On September 13, 1990, in Lexington, South Carolina, the 14-year-old Grant bludgeoned her mother with a crystal candlestick, crushing her skull. She mopped up pools of blood from the kitchen floor and hid the candlestick and bloody rags in a closet. She then tried to make the death look like suicide by sticking a carving knife into the side of her mother's neck, and wrapping her mother's fingers around the handle.

Grant initially told police that her mother attacked her while holding a knife and then stabbed herself in the throat. When the candlestick was discovered, Grant changed her story, eventually telling the police that she had committed the killing in self-defense. She was charged with murder.

In mitigation, evidence suggested that Grant's mother was an alcoholic. Gina claimed that her mother had been physically abusive, to which Gina's sister attested. Grant pleaded no contest to voluntary manslaughter and was sentenced to a year in juvenile detention, with probation until age 18. Her boyfriend pleaded no contest to being an accessory to voluntary manslaughter after the fact and served nearly a year in juvenile detention.

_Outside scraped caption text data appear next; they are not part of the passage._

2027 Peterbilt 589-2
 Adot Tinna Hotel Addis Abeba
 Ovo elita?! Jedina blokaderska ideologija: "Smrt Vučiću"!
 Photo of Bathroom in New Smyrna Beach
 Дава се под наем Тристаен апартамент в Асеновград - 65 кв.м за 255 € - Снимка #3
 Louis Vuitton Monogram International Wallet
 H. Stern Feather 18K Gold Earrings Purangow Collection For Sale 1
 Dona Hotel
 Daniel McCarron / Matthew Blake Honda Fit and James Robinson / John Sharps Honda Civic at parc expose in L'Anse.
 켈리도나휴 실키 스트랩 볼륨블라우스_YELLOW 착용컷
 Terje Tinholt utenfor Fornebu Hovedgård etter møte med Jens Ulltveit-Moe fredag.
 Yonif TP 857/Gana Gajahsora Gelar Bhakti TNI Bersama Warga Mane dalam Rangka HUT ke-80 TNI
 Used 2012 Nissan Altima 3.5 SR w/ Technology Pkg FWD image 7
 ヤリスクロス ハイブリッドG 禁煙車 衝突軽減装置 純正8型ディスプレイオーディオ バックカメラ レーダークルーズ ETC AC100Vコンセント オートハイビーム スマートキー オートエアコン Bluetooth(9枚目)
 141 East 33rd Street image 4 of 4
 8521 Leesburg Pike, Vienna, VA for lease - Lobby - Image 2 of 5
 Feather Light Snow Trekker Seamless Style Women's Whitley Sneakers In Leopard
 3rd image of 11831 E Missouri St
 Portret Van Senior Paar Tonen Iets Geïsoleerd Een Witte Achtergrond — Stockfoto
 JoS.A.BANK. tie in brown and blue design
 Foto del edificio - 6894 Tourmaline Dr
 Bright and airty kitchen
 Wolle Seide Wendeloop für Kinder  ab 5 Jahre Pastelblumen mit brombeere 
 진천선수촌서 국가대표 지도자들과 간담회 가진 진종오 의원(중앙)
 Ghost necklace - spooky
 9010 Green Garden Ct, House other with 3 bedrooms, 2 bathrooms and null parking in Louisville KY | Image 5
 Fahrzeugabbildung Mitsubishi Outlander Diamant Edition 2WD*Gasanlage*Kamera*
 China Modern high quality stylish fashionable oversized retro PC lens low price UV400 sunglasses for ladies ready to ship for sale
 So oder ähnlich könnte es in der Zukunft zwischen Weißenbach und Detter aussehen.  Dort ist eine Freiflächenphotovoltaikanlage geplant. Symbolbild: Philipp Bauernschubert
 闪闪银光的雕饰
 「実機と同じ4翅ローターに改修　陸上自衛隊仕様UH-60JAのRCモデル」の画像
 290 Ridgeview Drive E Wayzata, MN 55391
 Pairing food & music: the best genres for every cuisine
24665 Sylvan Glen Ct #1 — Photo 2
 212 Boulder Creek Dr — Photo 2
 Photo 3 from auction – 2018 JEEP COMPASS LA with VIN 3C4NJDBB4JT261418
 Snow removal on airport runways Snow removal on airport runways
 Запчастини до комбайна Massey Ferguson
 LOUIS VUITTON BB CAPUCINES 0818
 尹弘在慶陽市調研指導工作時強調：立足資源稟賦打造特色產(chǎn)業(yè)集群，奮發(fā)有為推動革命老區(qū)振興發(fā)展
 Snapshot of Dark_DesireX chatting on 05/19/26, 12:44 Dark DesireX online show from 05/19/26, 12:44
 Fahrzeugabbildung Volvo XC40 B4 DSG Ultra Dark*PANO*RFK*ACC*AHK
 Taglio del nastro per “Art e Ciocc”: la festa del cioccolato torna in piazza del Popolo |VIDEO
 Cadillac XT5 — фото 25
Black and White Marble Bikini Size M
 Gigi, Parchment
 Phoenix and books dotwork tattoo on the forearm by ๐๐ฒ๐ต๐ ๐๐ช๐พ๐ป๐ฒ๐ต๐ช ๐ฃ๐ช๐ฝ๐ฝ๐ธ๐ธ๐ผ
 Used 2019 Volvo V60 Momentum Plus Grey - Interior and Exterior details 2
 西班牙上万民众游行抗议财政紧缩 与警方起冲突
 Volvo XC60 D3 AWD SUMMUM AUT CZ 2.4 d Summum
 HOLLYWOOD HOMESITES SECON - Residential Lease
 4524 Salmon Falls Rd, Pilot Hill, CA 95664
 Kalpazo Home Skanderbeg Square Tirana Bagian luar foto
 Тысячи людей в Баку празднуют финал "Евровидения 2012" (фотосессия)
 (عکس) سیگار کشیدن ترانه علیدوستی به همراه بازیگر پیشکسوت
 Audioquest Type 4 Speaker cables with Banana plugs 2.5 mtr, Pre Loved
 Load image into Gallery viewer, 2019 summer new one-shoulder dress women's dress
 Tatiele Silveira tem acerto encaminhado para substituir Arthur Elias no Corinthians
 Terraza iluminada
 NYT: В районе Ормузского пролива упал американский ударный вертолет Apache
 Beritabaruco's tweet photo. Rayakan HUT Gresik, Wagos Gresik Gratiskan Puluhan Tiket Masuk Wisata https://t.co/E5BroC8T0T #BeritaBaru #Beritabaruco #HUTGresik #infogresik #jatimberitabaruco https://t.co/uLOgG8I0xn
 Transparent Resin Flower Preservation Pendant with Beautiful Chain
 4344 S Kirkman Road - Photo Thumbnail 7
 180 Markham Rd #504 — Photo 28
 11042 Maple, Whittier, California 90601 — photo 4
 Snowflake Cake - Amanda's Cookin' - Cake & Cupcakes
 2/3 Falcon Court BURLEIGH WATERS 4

Grant was given permission by the juvenile court to relocate to Cambridge, Massachusetts, to live with a paternal aunt and uncle. She began attending Cambridge Rindge and Latin High School in 1992, where she performed well academically, tutored children, and was co-captain of the tennis team.

==Admissions revocations==
In January 1995 Grant was admitted to Harvard University, having told her Harvard interviewer that her mother had died in an accident. After she was featured in an April 2 Boston Globe article about students who had overcome difficult circumstances, Harvard and The Globe received anonymous communications containing old news articles about Grant's mother's death. Harvard rescinded Grant's admission the next day, referring only to a list of general reasons that admissions are sometimes rescinded. Harvard refused Grant's request to meet with the admissions committee.

Grant, through a lawyer, argued that educational institutions are forbidden by Massachusetts law to ask about criminal matters not resulting in "convictions"juveniles are "adjudicated delinquent" rather than "convicted"and that she was not obliged to disclose an event that occurred when she was a juvenile and was reflected only in her sealed juvenile record.

Some campus publications sided with Grant, citing her mother's alcoholism and Grant's allegations of physical abuse. An editorial in The New York Times, an article in the Chicago Tribune,
and Harvard Law professors Charles Ogletree and Alan Dershowitz also criticized Harvard's action.

Columbia University and Barnard College also rescinded acceptances they had extended to Grant, but Tufts University allowed their acceptance of her to stand, and Grant entered Tufts as part of its class of 1999.